Charles Dharapak/Associated Press
They rubbed elbows with Beth Myers, who is running Mr. Romney’s
vice-presidential search, in the packed lobby bar of the Chateaux at
Silver Lake, over $15 glasses of Scotch.
And they mingled with Mr. Romney’s wife, Ann, during an intimate “Women
for Romney victory tea,” held on an umbrella-shaded patio in this resort
town.
The Romney campaign, whose fund-raising prowess has defied assumptions
about President Obama’s financial advantages, offered wealthy donors and
bundlers an extraordinary level of access to the candidate, his staff
members, advisers and family this weekend at a three-day retreat that
even seasoned political contributors said dwarfed previous presidential
powwows.
Mr. Romney’s political operation seemed to all but shut down and
relocate to the mountains of Utah. At least 15 senior campaign figures
flew in for what blue-blazered guests from Texas, North Carolina and New
York dubbed Republicanpalooza, delivering briefings on the
effectiveness of Mr. Romney’s and Mr. Obama’s commercials and spinning
them through the latest polling data, which they said showed the race as
a dead heat.
“Everybody was completely accessible,” said Anthony Scaramucci, a New
York financier and Romney fund-raiser who said the candidate took the
time to warmly greet and thank him by his nickname, Mooch, at a dinner
on the first night of the retreat.
Yet for all the political and financial firepower assembled here, the
Romney confab was not the only, or necessarily the most exclusive,
gathering of ultrarich Republicans this weekend. In a simultaneous
demonstration of the party’s fund-raising might, the industrialist
billionaire brothers Charles and David Koch held a conference for
conservative megadonors at a resort outside San Diego. Over the past few
years, their high-dollar strategy sessions have been the marquee events
of the Republican campaign finance set.
The Koch conference touched off an unexpected — and for the Romney
campaign, somewhat unwelcome — competition for top-flight moneyed
supporters. While Mr. Romney’s campaign officials have made it clear
that they appreciate the efforts of wealthy backers like the Kochs,
there was consternation among some on his finance team that the brothers
decided to move forward with their conference after Mr. Romney
scheduled his for the same weekend. As one fund-raiser noted, Mr. Romney
is, after all, the candidate.
The Romney campaign offered donors who gave $50,000 or raised $100,000
intimate seminars and discussions featuring leading Republican lights,
past and present: Karl Rove, Condoleezza Rice, James Baker III, John
McCain and Jeb Bush, whose presence represented a symbolic embrace of a
candidate who struggled to win over the disparate elements of his party
in the bruising primary.
“Everyone is coming here to rally around the Romney flagpole,” said
Cheryl Halpern, a filmmaker who attended with her husband, Fred, a real
estate developer from New Jersey. The pair went to a special Sabbath
dinner at the retreat featuring kosher fare.

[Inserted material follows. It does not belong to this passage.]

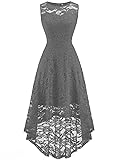 FAIRY COUPLE Women's Vintage Floral Lace Hi-Lo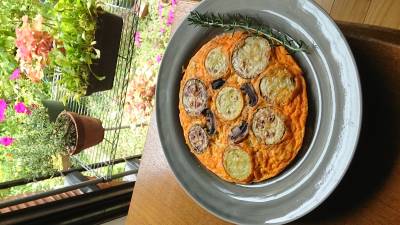 ズッキーニのオムレツ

At times, the scene here at a compound of high-altitude ski lodges
seemed like an imitation Republican National Convention. In the span of a
few moments, William Kristol, the editor of The Weekly Standard,
greeted Michael Chertoff, George. W. Bush’s secretary of homeland
security, at an outdoor cafe as Mary Matalin, the conservative
commentator, whizzed by in an extended-cab golf cart and Mr. Romney’s
brother, Scott, approached in a pair of shiny black pants from Prada.
(Guests noted that Scott Romney’s current and ex-wives were in
attendance.)
Brenda LaGrange Johnson, a former United States ambassador to Jamaica
who previously attended donor retreats held by President George W. Bush
in Texas, said there was no comparison with Mr. Romney’s event here.
“This is much more thorough,” she said. “This is much more extensive.”